It teaches the student to be creative (like an artist).

By combining a "forward-looking" strategy with a "corrective" safety net, and building a custom engine to handle the heavy math, they have created a framework that makes high-quality, instant AI video and image generation a reality.

1. Problem Statement

While Continuous-Time Consistency Models (sCM) and related methods (e.g., MeanFlow) offer a theoretically principled approach to accelerating diffusion models (enabling few-step or single-step generation), their application to large-scale text-to-image (T2I) and text-to-video (T2V) tasks has been hindered by two main factors:

Infrastructure Challenges: The core of sCM training relies on Jacobian-Vector Products (JVP) to compute time derivatives. Standard JVP implementations are incompatible with modern large-scale training infrastructures, such as FlashAttention-2, Fully Sharded Data Parallel (FSDP), and Context Parallelism (CP).
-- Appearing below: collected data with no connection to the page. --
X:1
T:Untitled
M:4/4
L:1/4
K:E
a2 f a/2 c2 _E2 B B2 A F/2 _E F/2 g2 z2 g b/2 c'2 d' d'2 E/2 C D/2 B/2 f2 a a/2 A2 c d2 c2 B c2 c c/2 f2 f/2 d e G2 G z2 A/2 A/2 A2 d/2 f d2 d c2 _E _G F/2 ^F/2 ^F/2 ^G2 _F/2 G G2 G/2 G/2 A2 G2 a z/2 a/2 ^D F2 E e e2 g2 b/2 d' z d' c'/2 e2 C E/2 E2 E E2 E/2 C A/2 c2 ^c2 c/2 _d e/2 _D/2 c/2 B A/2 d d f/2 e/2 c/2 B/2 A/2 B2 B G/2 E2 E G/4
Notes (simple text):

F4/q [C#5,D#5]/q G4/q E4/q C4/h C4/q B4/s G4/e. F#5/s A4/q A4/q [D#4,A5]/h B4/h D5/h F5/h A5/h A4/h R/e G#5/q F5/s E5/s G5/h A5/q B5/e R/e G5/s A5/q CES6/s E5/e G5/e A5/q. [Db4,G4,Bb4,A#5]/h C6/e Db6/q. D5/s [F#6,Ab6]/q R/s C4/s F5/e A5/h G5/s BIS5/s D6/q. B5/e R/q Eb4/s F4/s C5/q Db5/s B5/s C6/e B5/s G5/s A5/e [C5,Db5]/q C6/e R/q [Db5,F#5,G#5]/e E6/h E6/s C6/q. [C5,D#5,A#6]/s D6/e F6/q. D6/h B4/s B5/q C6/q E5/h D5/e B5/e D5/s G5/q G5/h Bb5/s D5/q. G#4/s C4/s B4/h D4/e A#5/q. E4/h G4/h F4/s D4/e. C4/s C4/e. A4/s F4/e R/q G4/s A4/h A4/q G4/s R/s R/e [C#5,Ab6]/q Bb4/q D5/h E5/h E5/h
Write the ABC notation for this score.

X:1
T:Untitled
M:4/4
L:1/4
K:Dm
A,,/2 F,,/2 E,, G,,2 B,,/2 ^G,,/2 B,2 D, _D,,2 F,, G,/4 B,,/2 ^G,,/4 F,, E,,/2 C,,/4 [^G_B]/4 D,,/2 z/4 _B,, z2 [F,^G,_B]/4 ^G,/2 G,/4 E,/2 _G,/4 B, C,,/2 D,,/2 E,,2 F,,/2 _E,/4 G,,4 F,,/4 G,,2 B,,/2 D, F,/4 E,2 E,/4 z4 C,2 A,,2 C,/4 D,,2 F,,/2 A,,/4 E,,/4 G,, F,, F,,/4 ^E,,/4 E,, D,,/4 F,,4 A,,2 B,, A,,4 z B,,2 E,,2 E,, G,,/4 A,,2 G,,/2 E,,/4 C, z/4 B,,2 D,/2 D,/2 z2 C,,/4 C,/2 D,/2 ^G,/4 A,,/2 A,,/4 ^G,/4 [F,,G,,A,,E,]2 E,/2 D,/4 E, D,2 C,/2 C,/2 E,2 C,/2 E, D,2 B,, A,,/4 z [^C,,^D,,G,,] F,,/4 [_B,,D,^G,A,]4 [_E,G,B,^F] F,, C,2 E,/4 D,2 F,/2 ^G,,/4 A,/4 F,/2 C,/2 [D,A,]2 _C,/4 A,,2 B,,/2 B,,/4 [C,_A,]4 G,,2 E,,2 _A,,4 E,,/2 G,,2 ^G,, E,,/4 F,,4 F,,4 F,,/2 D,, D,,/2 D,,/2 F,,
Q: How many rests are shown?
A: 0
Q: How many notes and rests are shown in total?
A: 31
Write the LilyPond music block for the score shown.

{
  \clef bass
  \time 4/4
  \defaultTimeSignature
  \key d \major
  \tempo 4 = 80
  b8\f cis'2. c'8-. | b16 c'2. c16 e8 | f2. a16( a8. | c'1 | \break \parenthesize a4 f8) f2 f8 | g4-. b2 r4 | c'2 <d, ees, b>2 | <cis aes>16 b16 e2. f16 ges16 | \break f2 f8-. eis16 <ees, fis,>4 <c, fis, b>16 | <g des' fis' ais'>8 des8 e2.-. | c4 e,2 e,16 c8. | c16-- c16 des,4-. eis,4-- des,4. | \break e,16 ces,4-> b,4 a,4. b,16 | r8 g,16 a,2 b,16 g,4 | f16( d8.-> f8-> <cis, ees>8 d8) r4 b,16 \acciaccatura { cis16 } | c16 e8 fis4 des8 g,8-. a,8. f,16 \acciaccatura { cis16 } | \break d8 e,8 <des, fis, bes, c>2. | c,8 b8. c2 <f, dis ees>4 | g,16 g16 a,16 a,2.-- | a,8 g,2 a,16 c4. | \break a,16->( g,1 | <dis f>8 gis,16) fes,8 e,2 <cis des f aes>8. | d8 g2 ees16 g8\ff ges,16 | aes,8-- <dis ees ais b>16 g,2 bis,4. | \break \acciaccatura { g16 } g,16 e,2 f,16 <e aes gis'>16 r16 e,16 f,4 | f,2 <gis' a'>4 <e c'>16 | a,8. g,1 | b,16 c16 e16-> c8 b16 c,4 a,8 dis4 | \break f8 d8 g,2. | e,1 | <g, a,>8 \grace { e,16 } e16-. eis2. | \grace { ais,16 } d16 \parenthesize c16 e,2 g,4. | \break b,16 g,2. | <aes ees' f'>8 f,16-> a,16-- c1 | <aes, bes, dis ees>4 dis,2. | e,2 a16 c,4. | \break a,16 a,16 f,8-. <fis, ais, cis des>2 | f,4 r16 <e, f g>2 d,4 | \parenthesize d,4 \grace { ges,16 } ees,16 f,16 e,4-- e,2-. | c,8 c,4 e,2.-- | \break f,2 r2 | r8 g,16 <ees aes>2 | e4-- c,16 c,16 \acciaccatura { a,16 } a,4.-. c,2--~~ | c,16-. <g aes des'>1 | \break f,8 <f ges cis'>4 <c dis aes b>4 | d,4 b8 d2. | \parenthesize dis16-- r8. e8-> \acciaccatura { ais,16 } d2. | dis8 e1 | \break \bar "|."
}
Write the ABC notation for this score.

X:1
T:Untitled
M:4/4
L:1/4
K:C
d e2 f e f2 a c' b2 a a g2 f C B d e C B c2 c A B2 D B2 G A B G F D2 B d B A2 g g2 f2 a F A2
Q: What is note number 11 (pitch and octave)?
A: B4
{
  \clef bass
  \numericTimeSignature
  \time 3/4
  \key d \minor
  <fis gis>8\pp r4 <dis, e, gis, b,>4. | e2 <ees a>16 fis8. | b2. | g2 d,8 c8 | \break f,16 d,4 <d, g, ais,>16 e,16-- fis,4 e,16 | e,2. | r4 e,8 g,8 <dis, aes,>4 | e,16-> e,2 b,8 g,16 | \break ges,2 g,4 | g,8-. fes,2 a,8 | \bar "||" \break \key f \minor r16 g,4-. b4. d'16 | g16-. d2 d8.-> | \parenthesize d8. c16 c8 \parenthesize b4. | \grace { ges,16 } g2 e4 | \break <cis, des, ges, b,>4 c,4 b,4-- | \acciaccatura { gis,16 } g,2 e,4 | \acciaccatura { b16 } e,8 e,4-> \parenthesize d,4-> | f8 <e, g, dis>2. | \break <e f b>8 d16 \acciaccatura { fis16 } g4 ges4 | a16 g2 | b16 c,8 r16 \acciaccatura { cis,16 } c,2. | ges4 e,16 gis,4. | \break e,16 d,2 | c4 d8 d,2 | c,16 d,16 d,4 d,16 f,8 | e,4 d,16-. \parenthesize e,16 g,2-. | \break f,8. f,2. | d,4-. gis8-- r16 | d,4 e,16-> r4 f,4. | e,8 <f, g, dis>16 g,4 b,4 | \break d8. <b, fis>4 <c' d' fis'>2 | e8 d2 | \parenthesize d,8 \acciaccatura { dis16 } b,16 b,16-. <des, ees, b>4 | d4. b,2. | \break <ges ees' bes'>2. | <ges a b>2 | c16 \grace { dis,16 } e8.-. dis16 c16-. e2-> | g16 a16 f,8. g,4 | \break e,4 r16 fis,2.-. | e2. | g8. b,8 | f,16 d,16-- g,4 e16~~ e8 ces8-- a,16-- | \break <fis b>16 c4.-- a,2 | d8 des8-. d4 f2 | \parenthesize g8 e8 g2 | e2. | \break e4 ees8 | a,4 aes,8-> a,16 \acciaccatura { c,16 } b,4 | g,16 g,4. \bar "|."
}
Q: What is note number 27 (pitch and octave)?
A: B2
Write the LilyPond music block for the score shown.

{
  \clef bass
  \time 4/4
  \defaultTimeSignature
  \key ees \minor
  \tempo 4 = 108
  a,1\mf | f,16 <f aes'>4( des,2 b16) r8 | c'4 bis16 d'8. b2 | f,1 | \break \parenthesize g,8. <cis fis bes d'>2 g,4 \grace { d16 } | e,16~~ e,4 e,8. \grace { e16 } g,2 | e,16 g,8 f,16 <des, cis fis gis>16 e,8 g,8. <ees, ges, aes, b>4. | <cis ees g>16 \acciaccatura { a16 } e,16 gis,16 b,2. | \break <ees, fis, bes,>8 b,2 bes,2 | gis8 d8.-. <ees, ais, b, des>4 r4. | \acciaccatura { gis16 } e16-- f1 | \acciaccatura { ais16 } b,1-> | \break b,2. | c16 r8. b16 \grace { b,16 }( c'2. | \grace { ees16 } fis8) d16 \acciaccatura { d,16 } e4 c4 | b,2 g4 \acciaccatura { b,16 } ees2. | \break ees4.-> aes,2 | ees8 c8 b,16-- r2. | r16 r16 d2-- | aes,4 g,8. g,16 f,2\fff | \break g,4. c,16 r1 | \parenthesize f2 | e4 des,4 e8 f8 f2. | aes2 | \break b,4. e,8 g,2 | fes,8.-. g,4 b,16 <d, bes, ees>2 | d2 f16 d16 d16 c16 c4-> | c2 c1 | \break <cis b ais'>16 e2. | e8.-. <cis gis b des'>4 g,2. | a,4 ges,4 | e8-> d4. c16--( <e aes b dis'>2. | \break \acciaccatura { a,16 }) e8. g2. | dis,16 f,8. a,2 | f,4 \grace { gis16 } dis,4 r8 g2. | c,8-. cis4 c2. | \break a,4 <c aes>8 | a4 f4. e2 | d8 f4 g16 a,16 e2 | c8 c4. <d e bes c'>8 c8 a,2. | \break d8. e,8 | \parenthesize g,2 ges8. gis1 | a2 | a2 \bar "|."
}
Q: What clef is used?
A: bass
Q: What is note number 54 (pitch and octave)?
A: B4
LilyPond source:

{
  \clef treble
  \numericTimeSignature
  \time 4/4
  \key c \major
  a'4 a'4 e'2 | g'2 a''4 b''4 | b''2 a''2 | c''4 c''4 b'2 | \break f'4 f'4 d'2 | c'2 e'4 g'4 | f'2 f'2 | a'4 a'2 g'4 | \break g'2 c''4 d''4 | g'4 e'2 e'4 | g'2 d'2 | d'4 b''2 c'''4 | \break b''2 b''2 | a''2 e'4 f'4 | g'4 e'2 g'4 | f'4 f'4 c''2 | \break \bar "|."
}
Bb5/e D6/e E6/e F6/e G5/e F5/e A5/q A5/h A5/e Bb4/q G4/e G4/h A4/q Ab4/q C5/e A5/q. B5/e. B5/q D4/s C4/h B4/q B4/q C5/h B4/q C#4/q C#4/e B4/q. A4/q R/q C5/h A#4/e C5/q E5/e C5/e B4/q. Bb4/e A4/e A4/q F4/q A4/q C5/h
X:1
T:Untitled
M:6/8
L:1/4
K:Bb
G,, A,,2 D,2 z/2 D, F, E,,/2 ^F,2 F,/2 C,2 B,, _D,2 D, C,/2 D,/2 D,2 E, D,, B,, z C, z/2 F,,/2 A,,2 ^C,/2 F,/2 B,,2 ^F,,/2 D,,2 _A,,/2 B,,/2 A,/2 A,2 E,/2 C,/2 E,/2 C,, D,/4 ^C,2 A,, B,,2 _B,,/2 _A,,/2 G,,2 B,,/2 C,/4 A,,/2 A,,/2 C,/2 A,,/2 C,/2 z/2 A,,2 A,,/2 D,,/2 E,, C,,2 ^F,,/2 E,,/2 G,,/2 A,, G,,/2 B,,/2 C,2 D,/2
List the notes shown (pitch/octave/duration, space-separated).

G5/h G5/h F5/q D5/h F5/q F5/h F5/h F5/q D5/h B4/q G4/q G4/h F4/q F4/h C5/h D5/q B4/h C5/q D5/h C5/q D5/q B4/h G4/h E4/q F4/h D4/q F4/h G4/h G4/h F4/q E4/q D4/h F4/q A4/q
Furthermore, JVP computation is numerically unstable under BF16 precision (common in large models), leading to error accumulation.
Quality vs. Diversity Trade-off: Empirical investigations revealed that pure sCM distillation suffers from fine-detail degradation (blur, distortion, unstable geometry) in complex scenarios. The authors attribute this to the "mode-covering" nature of the forward-divergence objective used in sCM, which penalizes underestimation of likelihoods but accumulates errors over time, particularly in high-dimensional video tasks.

2. Methodology: Score-Regularized Continuous-Time Consistency (rCM)

The authors propose rCM, a framework that integrates score distillation as a regularizer into the continuous-time consistency framework to address the quality limitations of sCM.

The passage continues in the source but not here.